START Extracted data
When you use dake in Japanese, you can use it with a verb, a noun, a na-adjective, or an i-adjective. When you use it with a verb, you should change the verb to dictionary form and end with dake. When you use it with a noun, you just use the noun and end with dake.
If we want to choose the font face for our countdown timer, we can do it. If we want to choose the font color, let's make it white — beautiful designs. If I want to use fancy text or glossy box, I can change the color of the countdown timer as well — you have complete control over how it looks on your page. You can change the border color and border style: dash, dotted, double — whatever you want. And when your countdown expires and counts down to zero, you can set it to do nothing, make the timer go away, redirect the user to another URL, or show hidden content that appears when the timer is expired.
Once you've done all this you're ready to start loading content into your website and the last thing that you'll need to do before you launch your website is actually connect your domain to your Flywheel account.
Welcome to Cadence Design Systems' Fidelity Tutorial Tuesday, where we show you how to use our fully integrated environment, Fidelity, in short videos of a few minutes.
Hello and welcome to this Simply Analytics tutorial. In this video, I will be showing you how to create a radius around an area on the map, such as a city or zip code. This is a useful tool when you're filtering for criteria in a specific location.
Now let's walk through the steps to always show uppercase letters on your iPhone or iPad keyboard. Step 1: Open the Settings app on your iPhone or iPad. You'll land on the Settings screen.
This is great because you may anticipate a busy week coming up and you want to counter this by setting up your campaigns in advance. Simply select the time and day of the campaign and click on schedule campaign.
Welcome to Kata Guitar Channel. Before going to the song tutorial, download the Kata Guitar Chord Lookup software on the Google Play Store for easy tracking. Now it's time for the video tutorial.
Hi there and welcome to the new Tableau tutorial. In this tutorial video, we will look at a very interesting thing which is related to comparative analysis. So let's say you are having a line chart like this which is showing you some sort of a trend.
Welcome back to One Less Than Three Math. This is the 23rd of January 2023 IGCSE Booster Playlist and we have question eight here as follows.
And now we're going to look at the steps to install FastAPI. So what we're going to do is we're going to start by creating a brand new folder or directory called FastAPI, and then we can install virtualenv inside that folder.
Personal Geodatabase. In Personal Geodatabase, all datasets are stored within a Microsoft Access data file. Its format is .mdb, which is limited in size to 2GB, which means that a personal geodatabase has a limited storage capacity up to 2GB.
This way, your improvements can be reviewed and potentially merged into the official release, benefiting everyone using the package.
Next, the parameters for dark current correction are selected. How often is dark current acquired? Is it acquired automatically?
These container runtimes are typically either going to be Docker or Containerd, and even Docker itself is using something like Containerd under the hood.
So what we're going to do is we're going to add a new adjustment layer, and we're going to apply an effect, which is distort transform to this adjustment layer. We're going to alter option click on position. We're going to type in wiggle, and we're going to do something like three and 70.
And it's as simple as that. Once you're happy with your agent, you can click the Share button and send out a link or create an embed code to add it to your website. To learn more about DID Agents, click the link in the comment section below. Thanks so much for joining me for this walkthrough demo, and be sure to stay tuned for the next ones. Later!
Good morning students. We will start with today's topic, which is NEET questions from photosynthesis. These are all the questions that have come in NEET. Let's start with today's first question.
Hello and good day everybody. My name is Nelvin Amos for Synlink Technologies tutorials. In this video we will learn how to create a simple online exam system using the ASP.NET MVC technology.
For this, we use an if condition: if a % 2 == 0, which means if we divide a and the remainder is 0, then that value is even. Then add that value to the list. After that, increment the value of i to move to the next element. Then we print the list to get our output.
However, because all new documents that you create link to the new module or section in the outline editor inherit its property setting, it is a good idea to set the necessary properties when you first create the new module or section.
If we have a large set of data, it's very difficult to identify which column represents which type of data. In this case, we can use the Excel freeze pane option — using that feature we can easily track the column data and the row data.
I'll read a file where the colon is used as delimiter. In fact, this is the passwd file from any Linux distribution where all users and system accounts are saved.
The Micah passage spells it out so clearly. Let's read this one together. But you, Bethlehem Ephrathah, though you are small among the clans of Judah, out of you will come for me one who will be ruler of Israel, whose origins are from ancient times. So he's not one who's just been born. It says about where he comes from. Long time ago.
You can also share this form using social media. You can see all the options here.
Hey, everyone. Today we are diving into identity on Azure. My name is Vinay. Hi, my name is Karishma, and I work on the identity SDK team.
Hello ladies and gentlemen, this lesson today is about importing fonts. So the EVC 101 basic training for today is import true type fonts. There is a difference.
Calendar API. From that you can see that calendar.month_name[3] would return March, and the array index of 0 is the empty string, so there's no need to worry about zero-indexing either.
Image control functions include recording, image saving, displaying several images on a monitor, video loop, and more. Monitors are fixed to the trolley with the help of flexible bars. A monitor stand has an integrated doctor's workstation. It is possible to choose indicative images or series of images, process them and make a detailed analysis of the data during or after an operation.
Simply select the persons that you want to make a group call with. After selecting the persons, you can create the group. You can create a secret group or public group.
END Extracted data
- Work order
Write down again, exactly as given, only the lines above that fall from the line with "Once you've done" to the line with "Hello and welcome", inclusive.

- Exercise solution
Once you've done all this you're ready to start loading content into your website and the last thing that you'll need to do before you launch your website is actually connect your domain to your Flywheel account.
Welcome to Cadence Design Systems' Fidelity Tutorial Tuesday, where we show you how to use our fully integrated environment, Fidelity, in short videos of a few minutes.
Hello and welcome to this Simply Analytics tutorial. In this video, I will be showing you how to create a radius around an area on the map, such as a city or zip code. This is a useful tool when you're filtering for criteria in a specific location.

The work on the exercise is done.